А тут подошла и общая беда, перекрывшая семейные беды: в августе 1914 года началась война. Мы с мамой оказались надолго отрезанными друг от друга.
Война. Разлука
Из Германии надо было уезжать, караван эмигрантов — русских, нерусских — потянулся в поисках убежища в нейтральные страны. Отец с Терезой, ее дочкой и со мной отправился в Данию, в Копенгаген. Там и прожила я год вдали от мамы. Единственная связь между нами была через почту, переписка шла на открытках — они быстрее и легче проходили военную цензуру (лиловый штамп «ДЦ» — допущено цензурой — стоит на каждой открытке). Я ждала маминых «картинок» с куклятами, зверятами, смешными и сказочными сценками, и мама старалась послать что-нибудь позабавнее. Сохранилось много открыток, адресованных на имя отца в Копенгаген, обращенных ко мне, но предназначавшихся не мне одной. В тесных маминых строчках умещалось многое: материнская ласка и тревога сливались с нескрываемой тоской по утраченному счастью. Мама все еще не может расстаться с надеждой на возвращение отца, не способна скрыть душевную боль. То, что она пишет о себе, о своем состоянии, не предназначается ребенку, хотя прямого обращения к отцу нет. Конечно, когда папа читал мне эти письма вслух, он многое пропускал — читал про себя. Думаю, что мама, пережив уже самую острую боль, понимала, что в измене отца отчасти виновата сама. Она слишком идеализировала любовь и переоценивала мужскую верность и стойкость. Чувство собственной вины в случившемся позволяло маме протягивать отцу тонкую соломинку — она готова простить и забыть «заблуждение», о котором он сам отозвался как о преходящем.

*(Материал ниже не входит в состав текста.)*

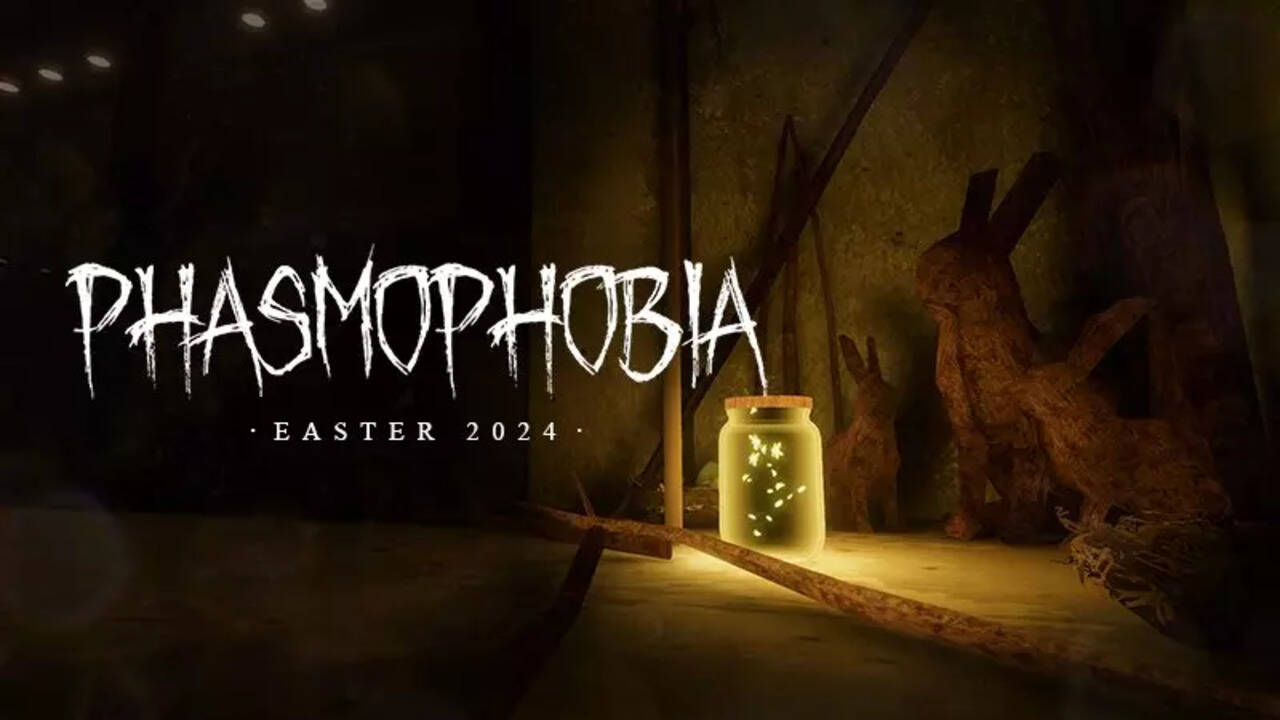 Phasmophobia Phasmophobia Easter Event 2024 Quests, Rewards And Other Details US News News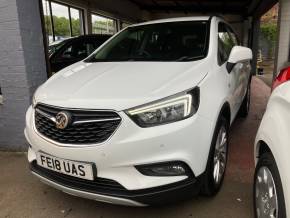 VAUXHALL MOKKA X 2018 (18) at Holme Lane Motors Sheffield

Не могу вспомнить, перечитывала ли я когда-нибудь в сознательном возрасте мамины письма к нам в Данию. В отрочестве я еще берегла их как «детские картинки» — вероятно, именно этот «статус» спас их от чужих рук и от уничтожения предусмотрительными родственниками.
Мои ответы маме были редки. Я с трудом преодолевала пяток слов, рисуя печатные буквы с вывернутыми «конечностями».
«Хорошонкая мама целую мила когда ты приедеш Туся» (26. 9. 1914).
«Дорогая мамичка я тоже была на болшом пароходи на болшом-преболшом присылай картинки цылую Туся».
На цветной фотографии — гавань в Копенгагене, парусник и пароход на рейде. Из Германии мы прибыли морским путем; это путешествие оставило во мне гадкое воспоминание: качка; общая каюта, где помещались женщины с детьми; всех тошнило. А меня не укачивало, хотелось к папе, но я не знала, где он, и уйти не могла.
Жизнь в Дании помню хорошо. Поселились в недорогой гостинице; она изображена на одной из открыток, посланных маме: небольшой кирпичный дом, над входом — вывеска с названием «Missions Hotellet», в окнах — кружевные занавески, в арке подъезда, под шаром фонаря, — группа респектабельных господ, перед домом прогуливается дама с детьми. Одним словом, снимок доказывал, что отель популярен и добропорядочен. Судя по названию, он принадлежал какой-то благотворительной миссии.
Наше не совсем добропорядочное «семейство» занимало два номера. В маленьком, с окном во двор, жил отец; большой, с окнами на улицу, числился за Терезой с детьми. Здесь, посреди комнаты, стояли сомкнуто, спинками к стене, две большие кровати с тугими пружинными матрасами, которые выталкивали наши с Ниной легкие тела. Тереза ждала, когда мы заснем, и уходила, а мы, как брошенные кутята, сползались во сне в поисках тепла на холодных полотняных простынях и прижимались друг к другу.